11. Dezember 2016 | 03:12 Uhr

Crivitzer Geflügelzüchter : Sorge um die Schau des Geflügels

vom
Aus der Redaktion der Zeitung für die Landeshauptstadt

Strenge Maßnahmen zur Vogelgrippe lassen Züchter um Höhepunkt des Zuchtjahres bangen - Präsentation für Januar geplant

Es wäre erst das dritte Mal in der 67-jährigen Geschichte des Crivitzer Rassegeflügelzuchtvereins, dass die Geflügelschau nicht stattfindet. Eine Vorstellung, die sich Uwe Röbke, Vorsitzender des Zuchtvereins, nicht ausmalen möchte. „Wenn die Schau wegen der Vogelgrippe gestrichen wird, dann bedeutet das einen finanziellen Verlust für den Verein“, stellt der Hobby-Züchter klar. Die Veranstaltung, die immer am zweiten Wochenende im Januar stattfindet und bei der rund 350 Tiere präsentiert werden, sei die Haupteinnahmequelle des Vereins. Röbke beziffert das Minus, das den Mitgliedern bei einem Ausfall am 14. und 15. Januar entstehen würde, auf etwa 2000 bis 3000 Euro. „Saalmiete, Standgelder, Käfigmaterial und auch die Preisrichter, die meistens schon ein Jahr im Voraus gebucht sind, müssen bezahlt werden. Da kommt schon einiges zusammen“, so der Crivitzer.

Neben den finanziellen Einbußen würde ein Ausfall auch einen ideellen Verlust bedeuten. „Man bereitet sich in einem Zuchtjahr ja auf die Ausstellung vor, hegt und pflegt die Tiere. Die Schau ist der Höhepunkt des Zuchtjahres. Dort kann man sich dann präsentieren“, erzählt der 60-Jährige, der bereits seit seinem zehnten Lebensjahr Hühner züchtet. Seine rund 70 Zuchttiere als auch knapp 20 Legehennen hat er genau nach Vorschrift eingestallt. Für das Geflügel sei das Stress pur, weil sie es gewohnt sind, im Freien umherzulaufen. Da könne es im Stall schon mal zu kleinen Kämpfen oder zum gegenseitigen Picken kommen. Zur Beschäftigung gibt es Grünfutter in den Stall.

Die strengen Maßnahmen findet Röbke sinnvoll und notwendig. „Es geht nun mal darum, eine Epidemie einzudämmen“, so der Vereinsvorsitzende. Dennoch findet er die Diskussion „etwas extrem“. Doch besondere Vorsicht sei „einfach sinnvoll“. Als Geflügelzüchter kann er die Halter der gefiederten Tiere nur davor warnen, möglicherweise verunreinigtes Wasser aus Regentonnen für die Tränken zu verwenden.

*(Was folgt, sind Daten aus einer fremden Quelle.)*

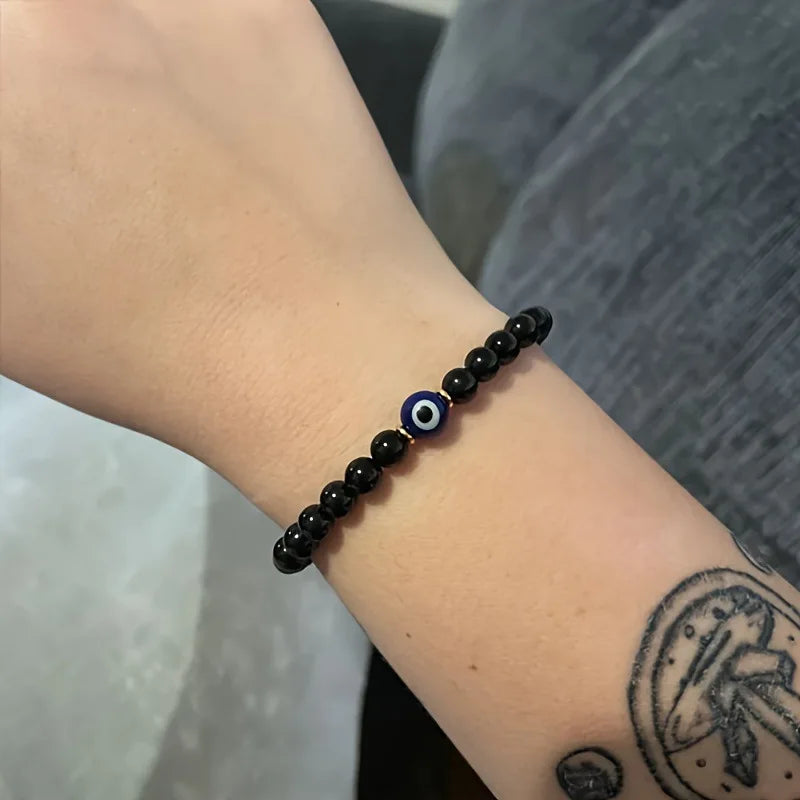 Evil Eye Tourmaline Bracelet - Protection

Den Umgang mit dieser besonderen Situation kennt er noch aus dem Jahr 2014. Damals hat der Ausbruch der Vogelgrippe zur Absage der Schau geführt. „Kurz vor Weihnachten wurden wir informiert“, erinnert sich Röbke. Vergangene Woche habe er beim Amtsveterinär angerufen und sich informiert, ob er weiter für die Veranstaltung planen soll. Von dieser Seite kam ein vorläufiges „o.k.“. Also lassen sich die Mitglieder nicht entmutigen und planen erst mal wie gehabt, damit die das schmucke Federvieh bei der Schau im Januar präsentiert werden kann.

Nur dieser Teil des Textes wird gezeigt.